BY KAREN MUENSTERMAN

CONNECTING FAITH AND LIFE

A little over 53 years ago, I started kindergarten. It was a very big occasion in my life, because like a lot of other children of that era, I had never been to daycare or preschool, or really anywhere at all away from home. On the very first day of kindergarten, my mom walked me into the classroom and held my hand as she led me around the room.

“Let’s find your desk,” she said.

All the desks looked exactly alike to me, but my mom came to a halt in front of one of them and pointed to a rectangular-shaped piece of paper that was taped to the desk. It had some letters written on it.

“This is your desk,” mom announced.

“How do you know it’s mine?” I whispered nervously.

“Because it has your name on it,” said mom, pointing at the letters. “See? It says Karen.”

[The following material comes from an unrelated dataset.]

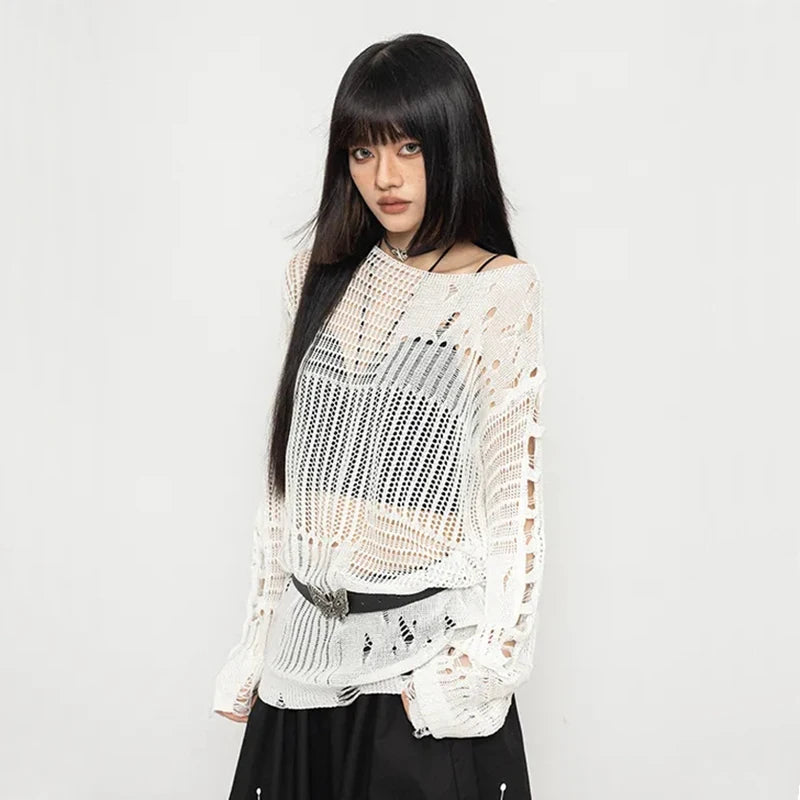 Y2K Hollow Out Knitted Pullovers Women Korean Harajuku Oversized Sweater Summer Sexy Slash Collar Long Sleeve Sunscreen Jumper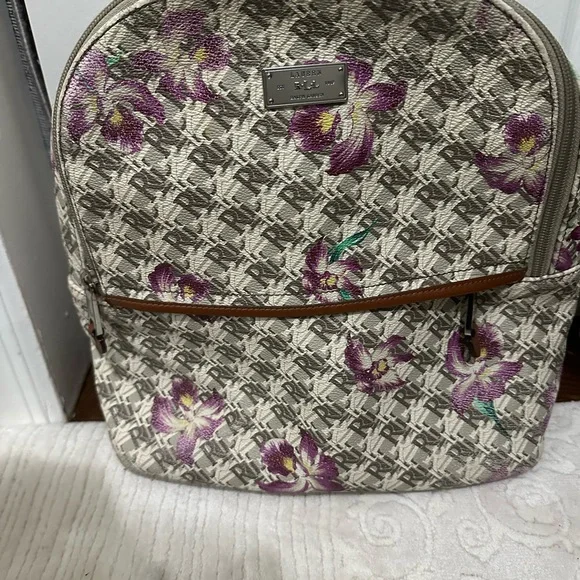 Ralph Lauren Gray and Purple Floral Backpack Brand New- Ralph Lauren Floral Belknap Backpack | eBay main image 3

I was astounded because up until that moment, I only knew my name as a sound. My name was something that I could hear and say, but I had never realized that it could also be something that I could see! I stared and stared at that image of my name, trying to wrap my mind around this new representation of myself that showed up in the world as if by magic.

This moment of discovery was a small but significant epiphany in my life. It awakened me to a new way of thinking about my name and experiencing it.

Within a few days, my kindergarten teacher began teaching my class how to write letters; and very shortly afterward, I began to learn how to write my name. This was another astonishing occasion for me. My name was not just a sound or a shape, it was also a motion. Now my name was not only something I could hear and see, it was also something I could do. The ability to write my name gave me a power that I had not had before. Now I could label things as mine and verify ownership of my own work and belongings. I was mesmerized by all these different expressions of “Karen.”

Last weekend, we celebrated the Epiphany of the Lord, honoring the day three wise men looked upon a fragile human baby and saw a powerful King. Up until that moment, God was a being that people had heard about and talked about but had never seen. But suddenly, the God that had been only a sound in the world was now an image – someone they could see and touch!

For approximately 33 years, this human being that the wise men visited remained in the world – and those who knew him and followed him experienced one epiphany after another as they watched him do impossible things. He loved the unlovable, he touched the untouchable, he valued the worthless, he healed the incurable, and he forgave the unforgivable. He taught his followers a whole new way of thinking about life and a whole new way of experiencing it. Then, like the wise men and like all human beings, he disappeared into history.

Except … before he left them, during his last meal on earth, the followers of Jesus experienced another epiphany. At the last supper, Jesus revealed to them that God was not just a being that one could see and hear. God was also something one could do.

“Do this,” he commanded them, “in memory of me.”

Each time we gather for Mass, we are doing God – and God shows up in the world. And each time we love without boundaries as Jesus did, we are doing God – and God shows up in the world.

Childhood is full of epiphanies, but they are rare in adulthood. Do you want to experience one? Then do something that seems impossible: Turn toward someone who makes you want to turn away. Forgive someone who has done something that is unforgivable. Love someone who seems to be unlovable. Heal a relationship that appears to be unrepairable. And then come to Mass the way the wise men came to Bethlehem – expecting to see the King.